#### [Material provided]
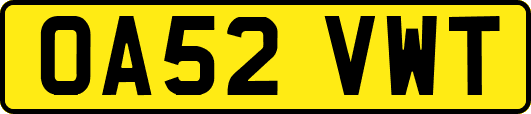 OA52VWT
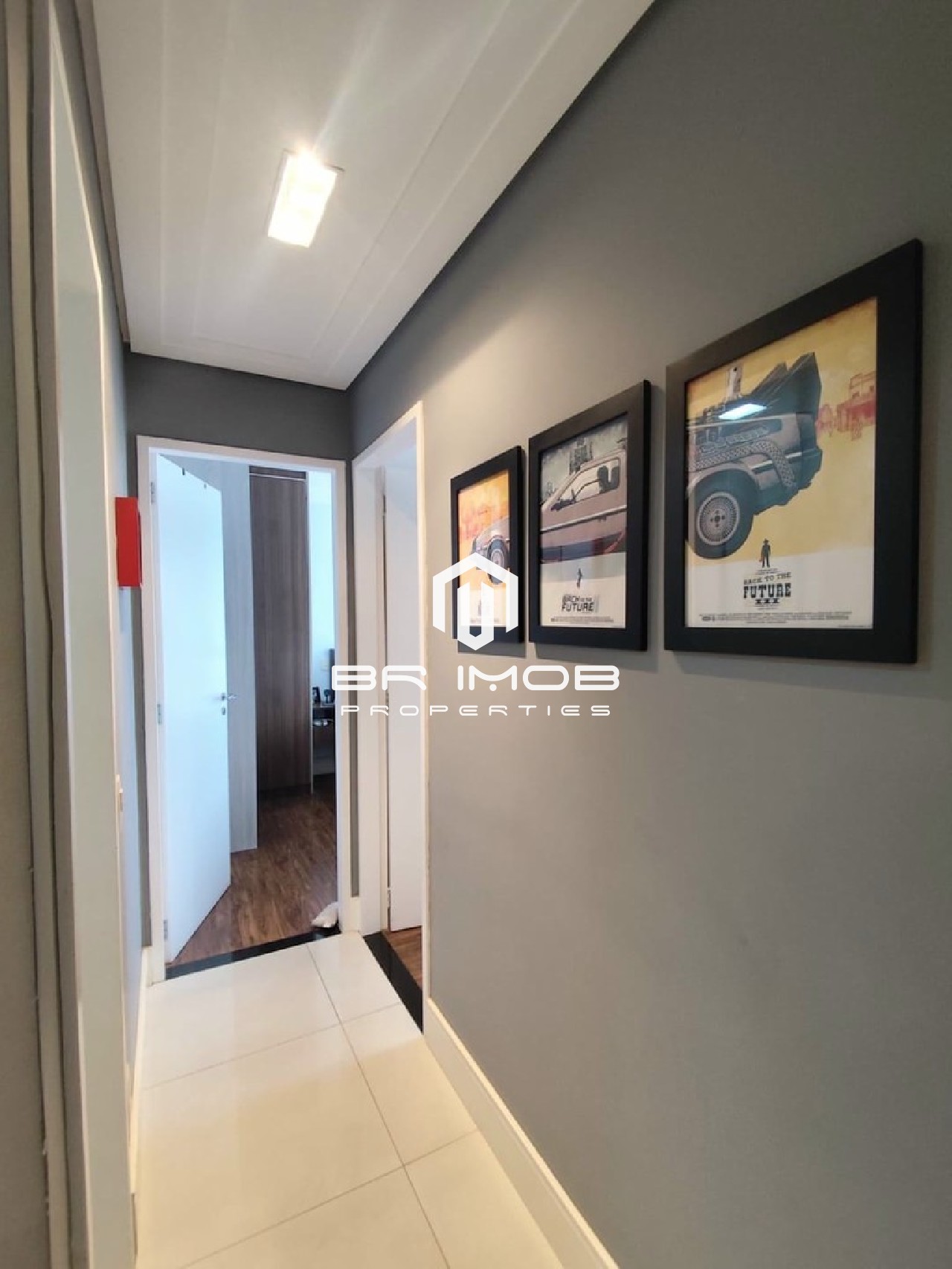 Apartamento, 2 quartos, 60 m² - Foto 24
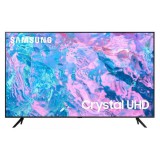 Samsung UE65CU7172 65" - 165 cm Crystal UHD 4K Smart TV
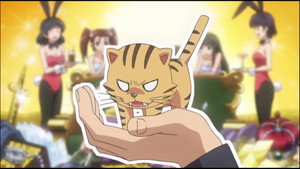 Toradora Episodio 14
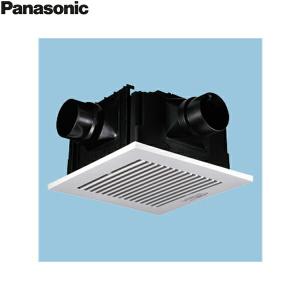Panasonic（パナソニック） FY-CWXA06-K 角形パイプフード(FD付) 気調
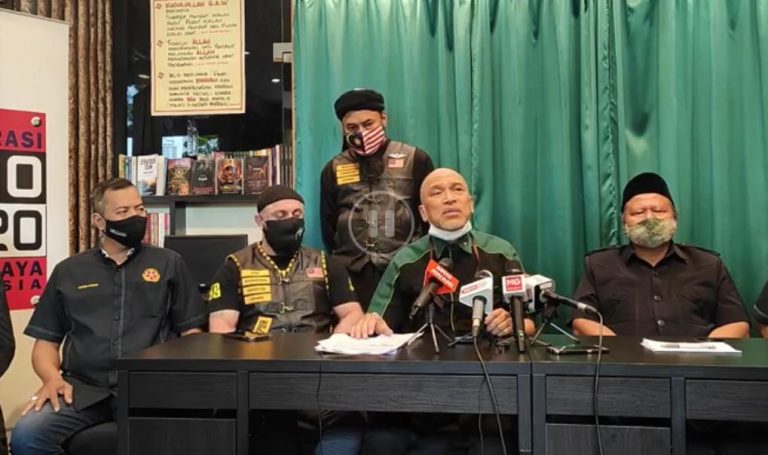 Tindakan tegas dan keras amat penting sebagai pengajaran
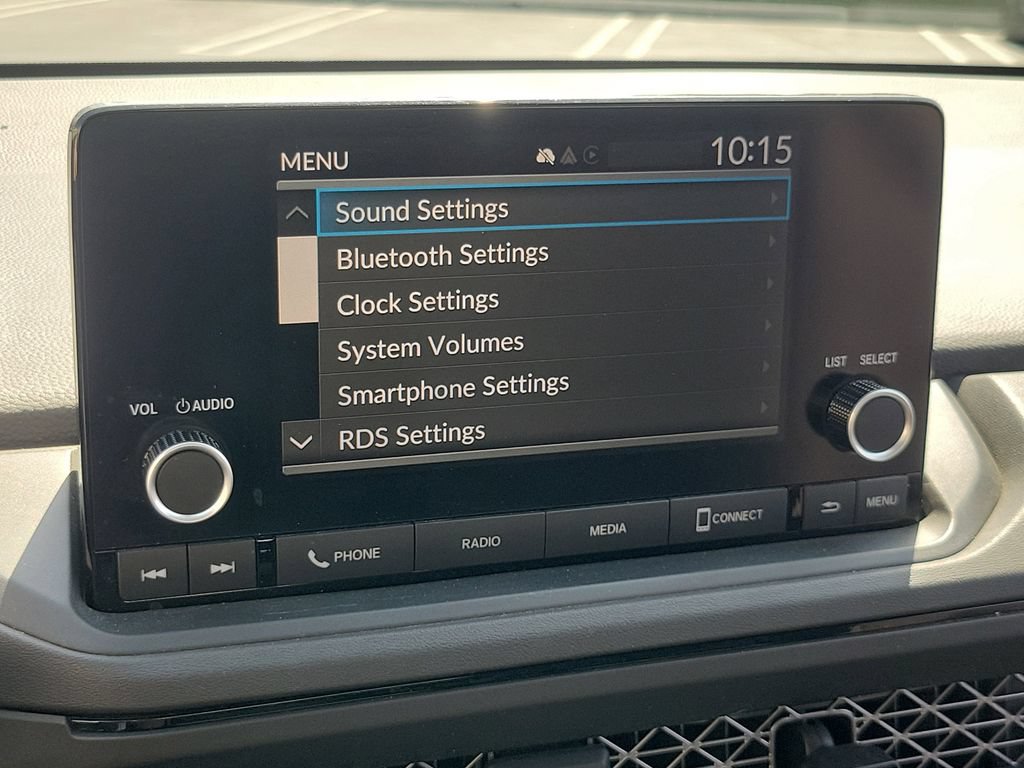 Certified 2023 Honda Accord LX image 27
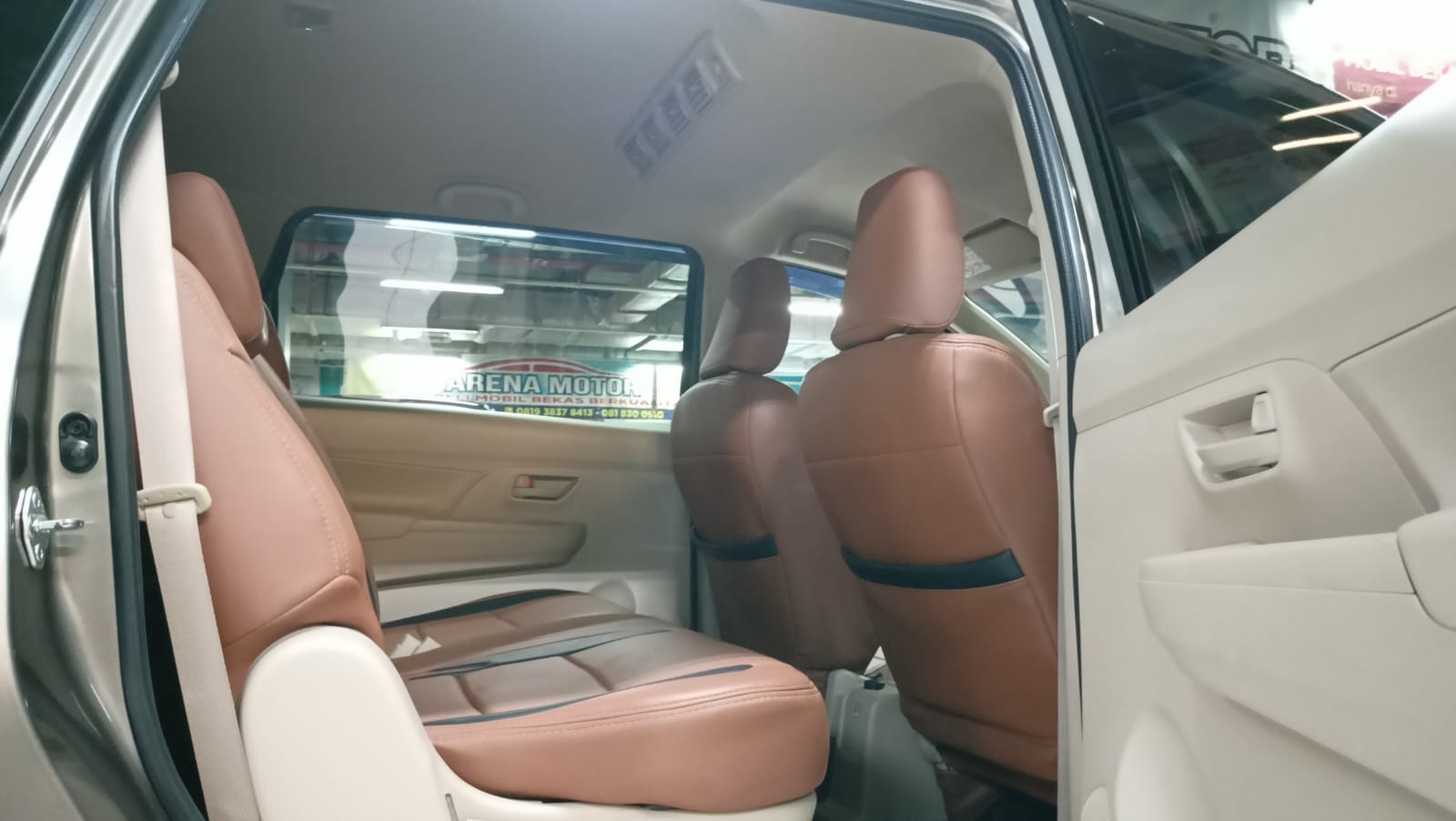 2019 Suzuki Ertiga 2019 Suzuki Ertiga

#### [Task objective]
The answer should match the material exactly, with every picture removed.

#### [Answer space]
 OA52VWT
 Apartamento, 2 quartos, 60 m² - Foto 24
 Samsung UE65CU7172 65" - 165 cm Crystal UHD 4K Smart TV
 Toradora Episodio 14
Panasonic（パナソニック） FY-CWXA06-K 角形パイプフード(FD付) 気調
 Tindakan tegas dan keras amat penting sebagai pengajaran
 Certified 2023 Honda Accord LX image 27
 2019 Suzuki Ertiga 2019 Suzuki Ertiga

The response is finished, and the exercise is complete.